EXCLUSIVE NEWSpoetry INTERVIEW WITH HARVARD LAW PROFESSOR
On March 23, 1989, the Exxon Valdez, one of Exxon's largest oil
tankers, under the command of a captain who had been drinking and who
abandoned the bridge, struck a reef and spilled eleven million gallons
of crude oil into the Prince William Sound in Alaska.
"It's none of your business"
In September 1994, an Alaska jury found Exxon liable for punitive
damages for its conduct in causing the oil spill and assessed $5 billion
against the company. The lawsuit was brought by commercial fishermen,
Alaska natives and others directly harmed by the spill.
"Yes, but it was for different projects that overlap the time period."
"No, the information is not public information."
"Just in 1998."
In the nearly five years since its jury verdict, Exxon has not paid
a penny of the damages. Instead, it has chosen to use an appeals process
to delay and possibly defeat any payment.
"I don't remember that either."
To commemorate the Exxon Valdez oil spill, the world's largest oil
company has decided to ratchet up the corporate attack on punitive damages.

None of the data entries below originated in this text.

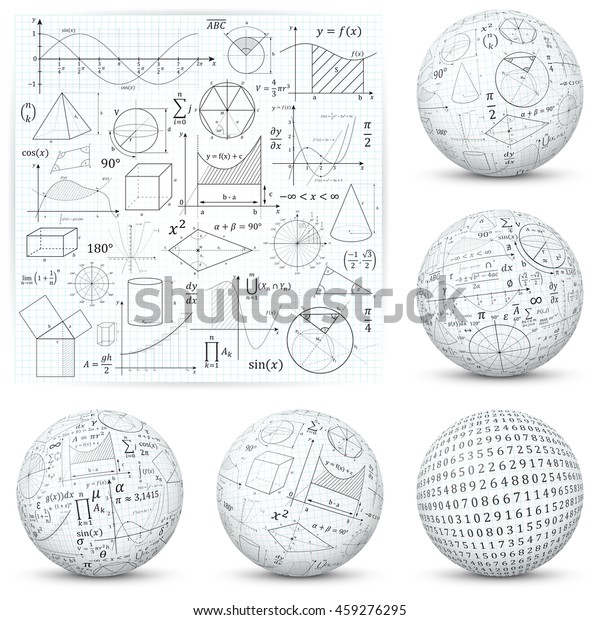 数学 科学数式のベクター画像シンボルとアイコン フラットでテクスチャーのある3d球体デザイン のベクター画像素材 ロイヤリティフリー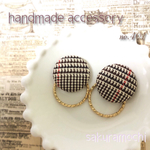 〈〈再販〉〉。゜.-＊ 秋 チェック ピアス イヤリング .。゜.-＊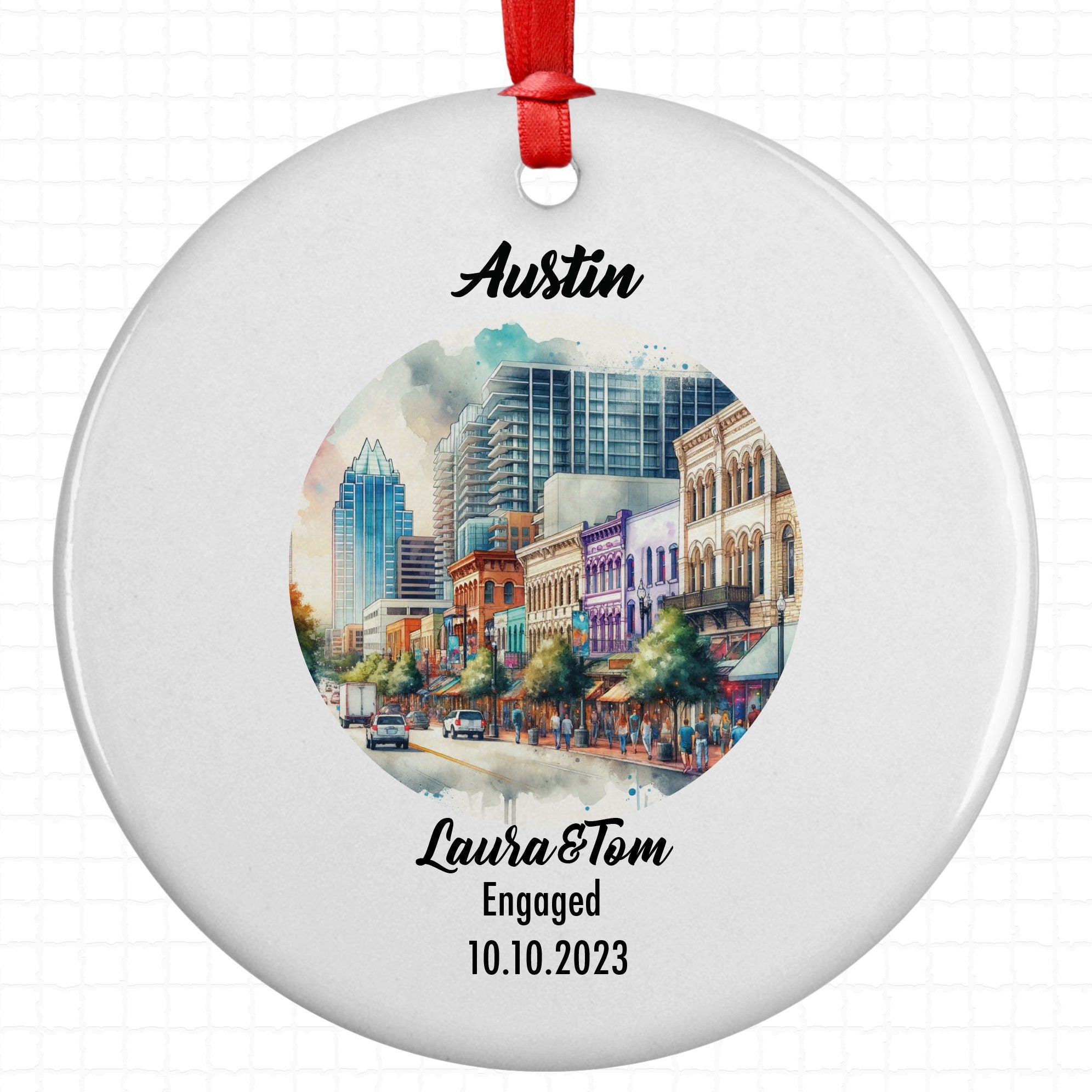 Austin Downtown Ornament, Engagement, Married, Travel, Gift for Engaged Couple, Engagement Gift, Trip, Vacation Souvenir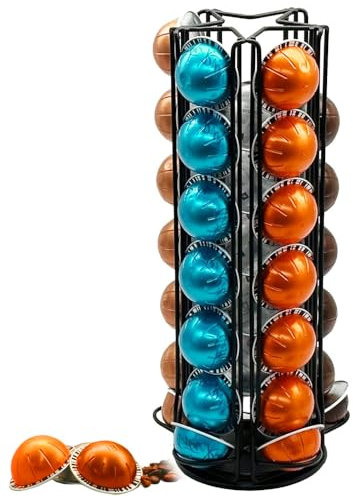 Wrobic Coffee Capsules Holder for 35 Nespresso Vertuo Pods, Coffee Pod Holder for Nespresso Vertuoline Pods, Rotating Design, Coffe Storage Rack for 35 Pcs Pods,Black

"I have several projects. This is one paper I did, but I'm working
on several other things."
It has just come to our attention that last year, Exxon funded
Harvard Law Professor W. Kip Viscusi to look into the issue of punitive
damages. Viscusi obliged, and wrote an article for the Georgetown Law
Journal advocating the abolition of punitive damages. ("The Social Costs
of Punitive Damages Against Corporations in Environmental and Safety
Torts," by W. Kip Viscusi, 87 Georgetown Law Journal 2(285), November
1998.)
"I don't even know."
In a footnote to the article, Viscusi discloses that the research
for the article was funded in part by "a grant from the Exxon Corporation."